You can create multiple toolbox containers, and they are disposable. You can use "toolbox rm" to remove one that you no longer need or which is corrupted.
> Each image is 7GB, and it adds up. I'm already 17Gb
I just deleted one of my deployments and freed up 400MB. I can't confirm that each deployment is 7GB. I think the size of a deployment depends on how many files have changed relative to previous deployments.
> Perhaps, a better solution is to borrow from database. Tag all
> items with version number. Then, to rollback, you just go back to
> a working version number.
It is my understanding that this is how ostree already works. It manages storage on the granularity of files. So if the same file contents appears in multiple deployments, only one copy of that content is stored.
> This "Kinoite" smells like "Chromebook".
I have a Chromebook, but I gave it to my wife. I don't want to run ChromeOS because it is immutable: that is, it is locked down and you can't change the base OS. Plus, there is this feeling that the machine is owned by Google, and not owned by me. I don't have full control over it.
In addition to being locked down, ChromeOS also supports atomic updates, and that's what it has in common with Kinoite. I installed Kinoite to experience atomic updates in a fully hackable system.
On Sun, Dec 28, 2025, at 8:05 AM, William Park wrote:
>
> On 2025-12-27 23:59, Doug Moen wrote:
>> I am actually running Kinoite as a daily driver, and I can install packages in the base system just fine.
>
> OK,* *I installed Kinoite on VirtualBox.
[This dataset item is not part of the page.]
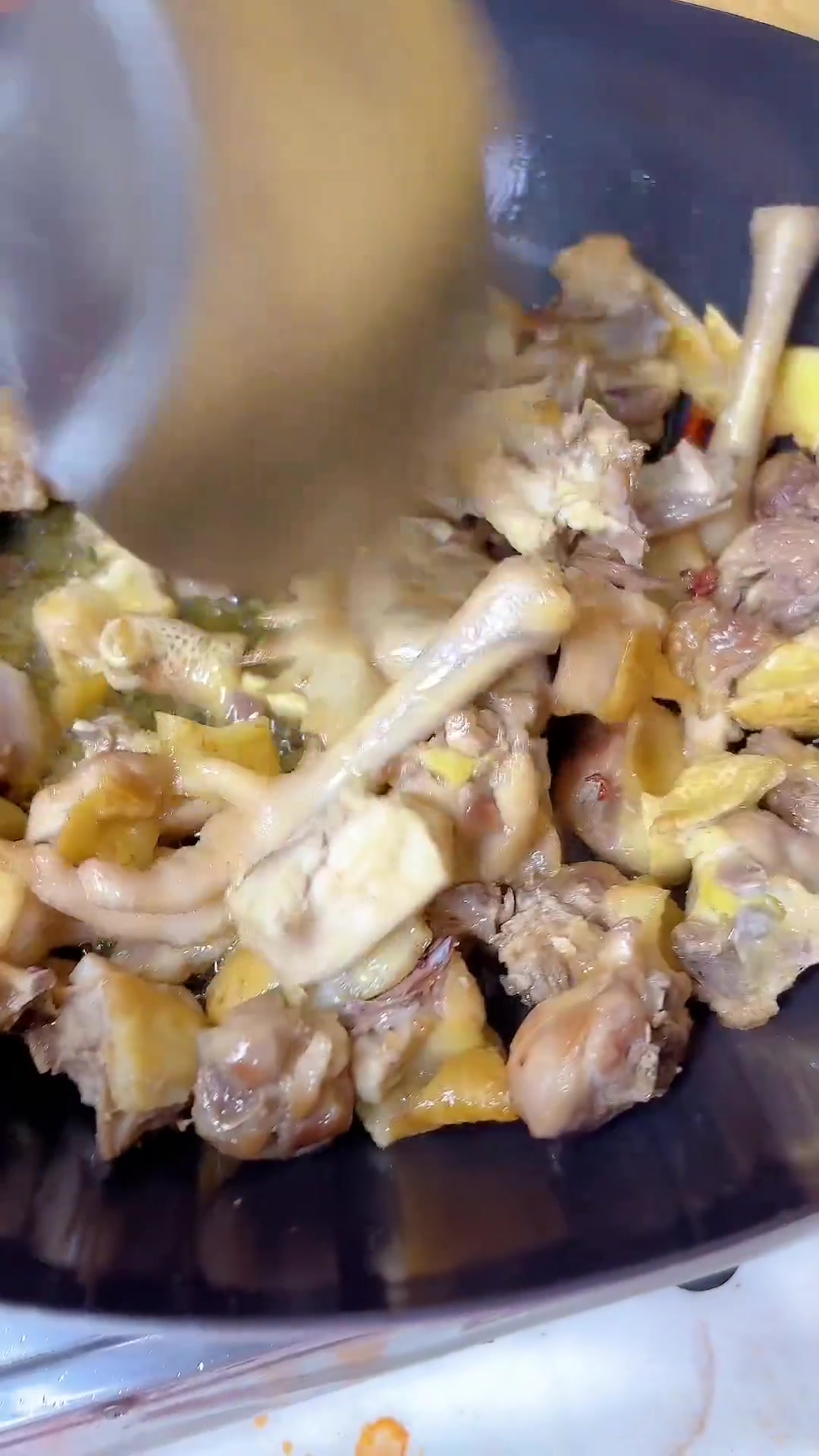 超香小鸡炖蘑菇教程，鲜香美味做法大公开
Few things I discovered:
> • Main images show up as entries in GRUB boot page. Normally, it would be kernels. Now, it's images. You just select which images to boot from.
> • Each image is 7GB, and it adds up. I'm already 17Gb, and I haven't done much.
> • /etc/passwd and /etc/group in the main image and inside Toolbox are different. So, devices that I mount will have different owner/group in the main image and inside Toolbox. It was pain to resolve all the "Permission denied", and there are few I'm not gonna bother.
> • This "Kinoite" smells like "Chromebook". It's OK for consumer use case.
> I'm now compiling few Raspberry Pi kernels... Let's see how it goes.
>
> *NOTE*:
>
> I think, it's just shifting problems. You now have 2 systems. You are still doing "dnf" inside Toolbox. How do you deal with Toolbox getting corrupted?
>
> Perhaps, a better solution is to borrow from database. Tag all items with version number. Then, to rollback, you just go back to a working version number.